1772 was a signal year for rocks, which were featured in natural histories, public spectacles, and the elaborate set designs of Phillipe de Loutherbourg, the painter and set designer who revolutionized eighteenth-century set design. In Loutherbourg’s work, the ephemerality of the theatrical experience meets the symbolic freight of rock in a visual account of the prelapsarian past. His designs, full of wonder and enchantment, cultivate the audience’s desire for, even envy of, “primitive belief” as prior to the cognitive losses of modernity. His work resituated the experience of wonder for an age of skepticism.
Misty G. Anderson is Professor of English, a Lindsay Young Professor in the College of Arts and Sciences, and holds courtesy appointments as an Adjunct Professor in both the Theatre and Religious Studies departments at the University of Tennessee.

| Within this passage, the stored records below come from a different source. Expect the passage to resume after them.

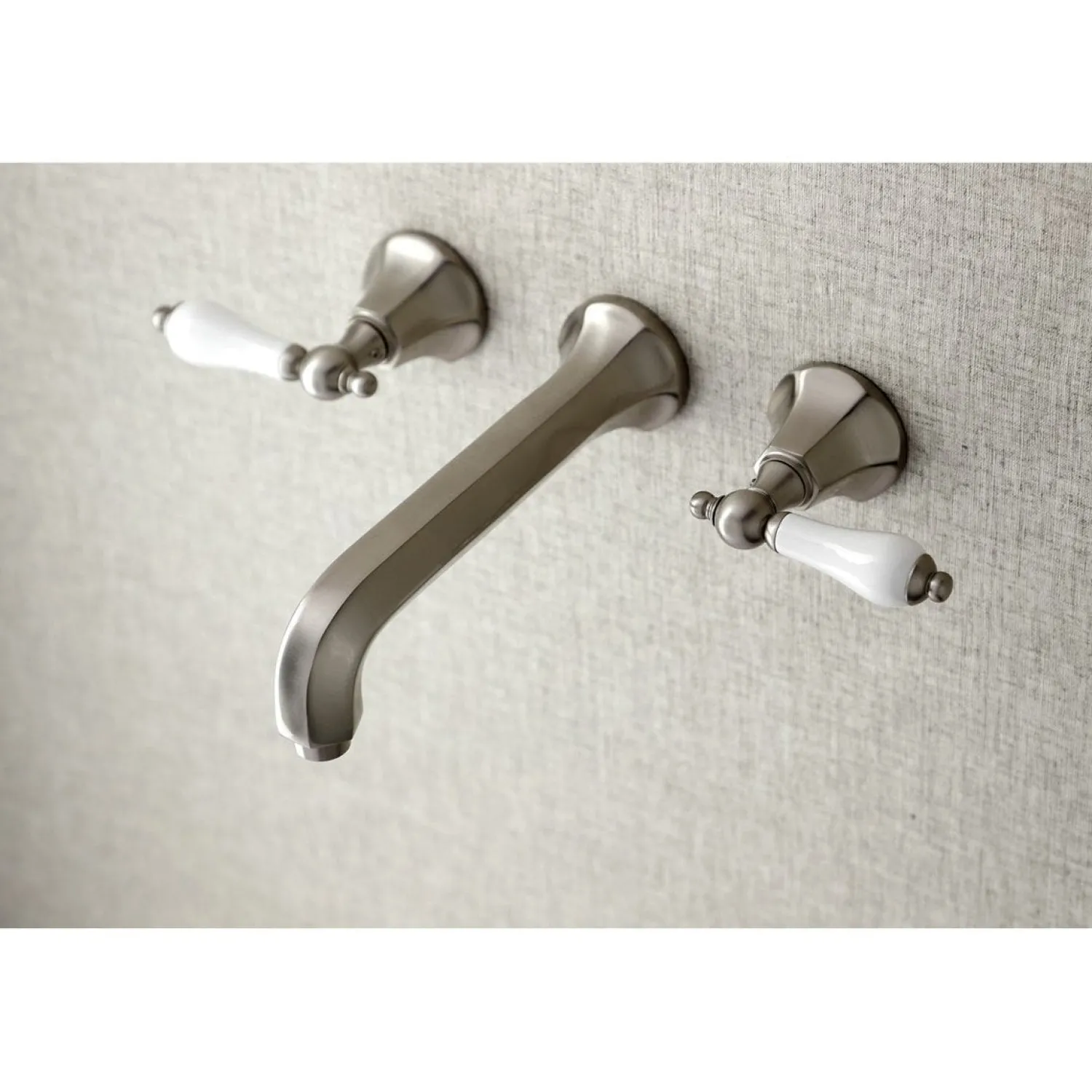Best Metropolitan Wall Mount 2-Handle Tub Faucet Tub Faucets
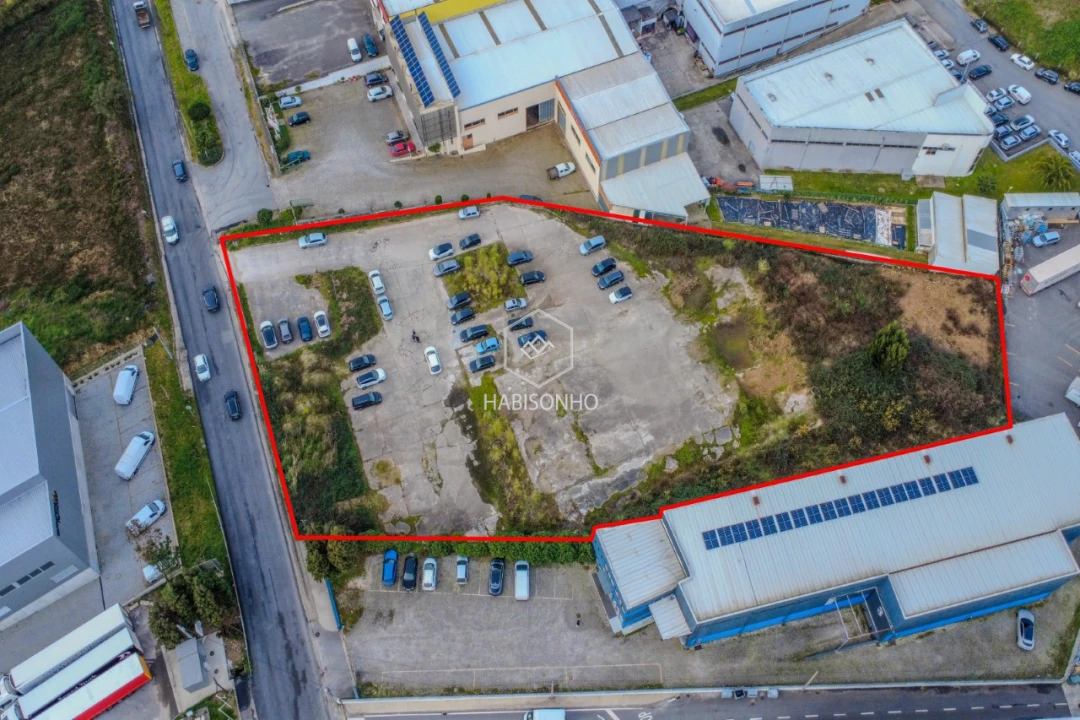 Terreno para Venda em Gandra Foto 6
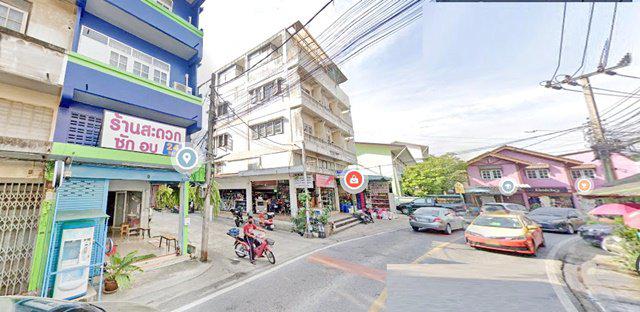 PTT เทพศิรินทร์วัดศรีประวัติ รักสัตว์ นนทบุรี ตลาดพระราม5 3.5ชั 1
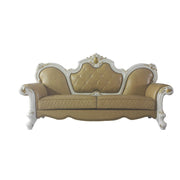 Picardy 93"L Sofa with 5 Pillows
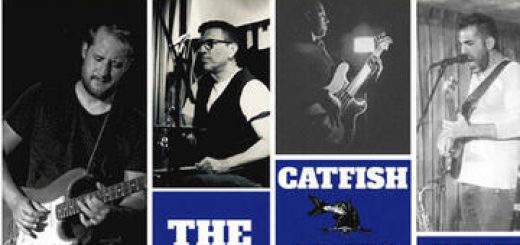 Концерт — Catfish Blues Band в Израиле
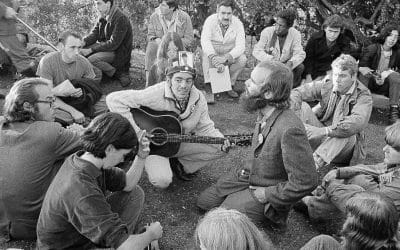 The 1960s: By one who was there – and still remembers it
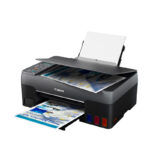 Impresora Multifuncional Canon Pixma G3160, Imprime/Escanea/Copia, USB/Wifi - Imagen 2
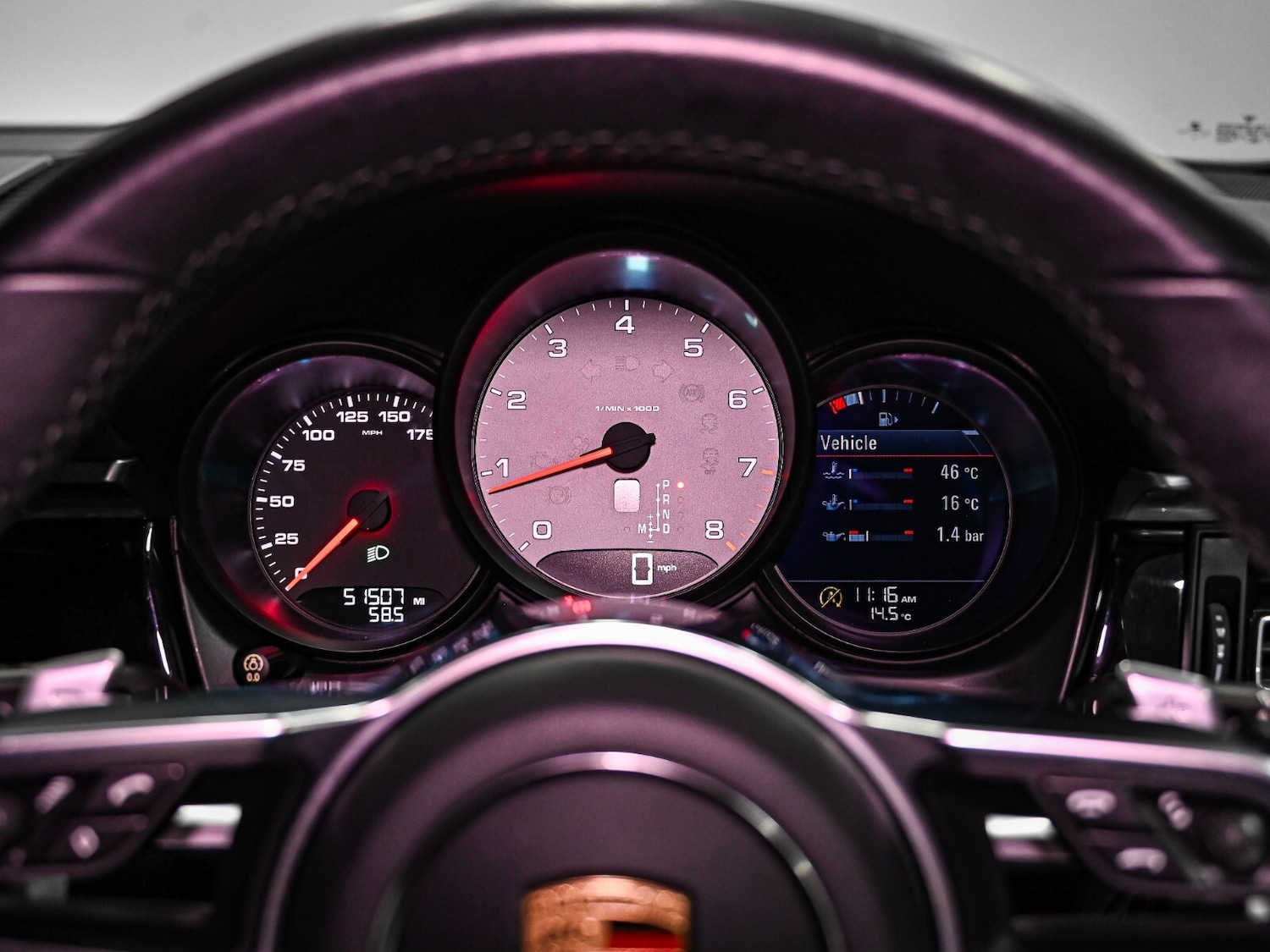 Used Porsche Macan 2019 for sale - 76869346: Photo 9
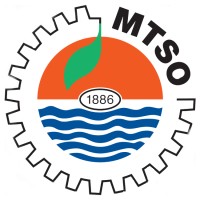 Mersin Ticaret ve Sanayi Odası / Mersin Chamber of Commerce & Industry Logo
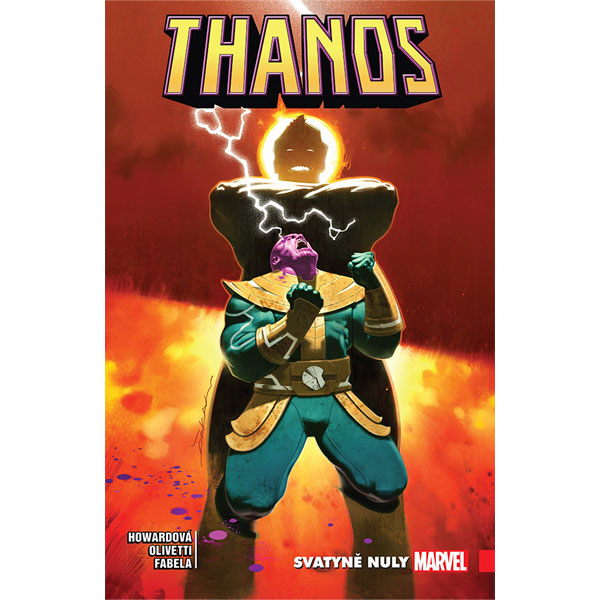 CREW Thanos: Svatyně nuly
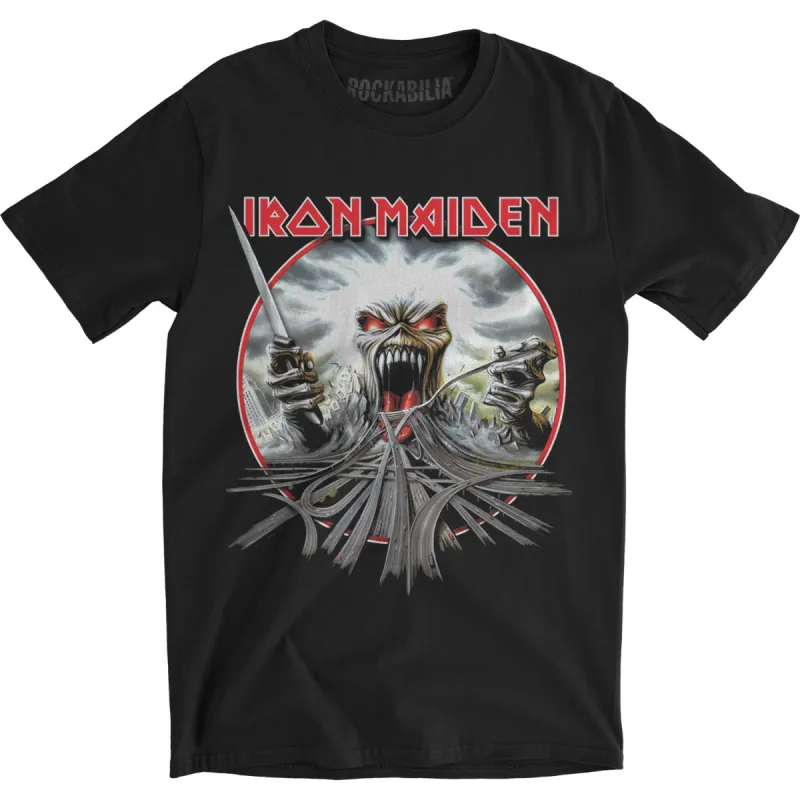 California Highway Slim Fit T-shirt sold by Rockabilia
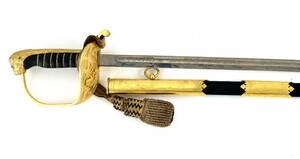 SJÖOFFICERSSABEL, SABRE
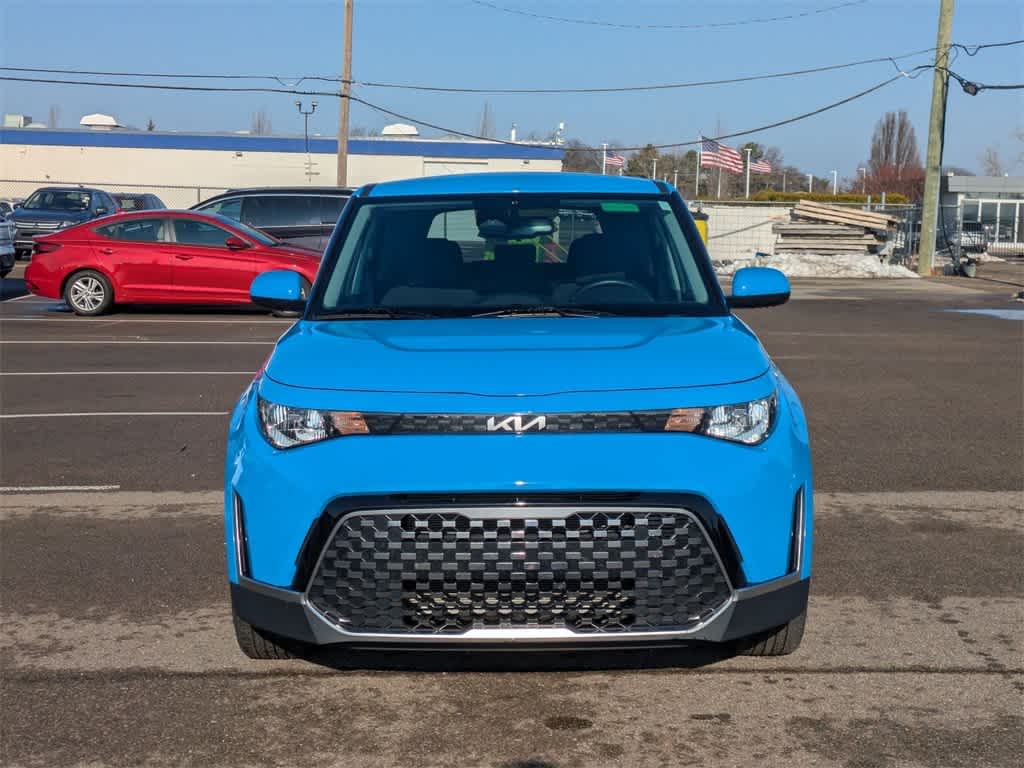 Thumbnail: 2024 Kia Soul - 10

Anderson is the author of Imagining Methodism in Eighteenth-Century Britain: Enthusiasm, Belief, and the Borders of the Self (Johns Hopkins, 2012) and Female Playwrights and Eighteenth-Century Comedy: Negotiating Marriage on the London Stage (Palgrave, 2002). She an editor of the new Routledge Anthology of Restoration and Eighteenth-Century Drama (2017), which features a documentary she has produced about the CBT’s recent production of The Busy Body. She is currently at work on a second volume of the Routledge anthology and a third book project, God on Stage. She served as the editor of the journal Restoration: Studies in English Literary Culture, 1660-1700 from 2003-2016. She is currently an elected member of the executive board of ASECS (the American Society for Eighteenth-Century Studies), she chairs the Modern Language Association’s division on Religion and Literature, and serves on the editorial boards of Restoration and Restoration and Eighteenth-Century Theatre Research. She is also a blogger for The Huffington Post.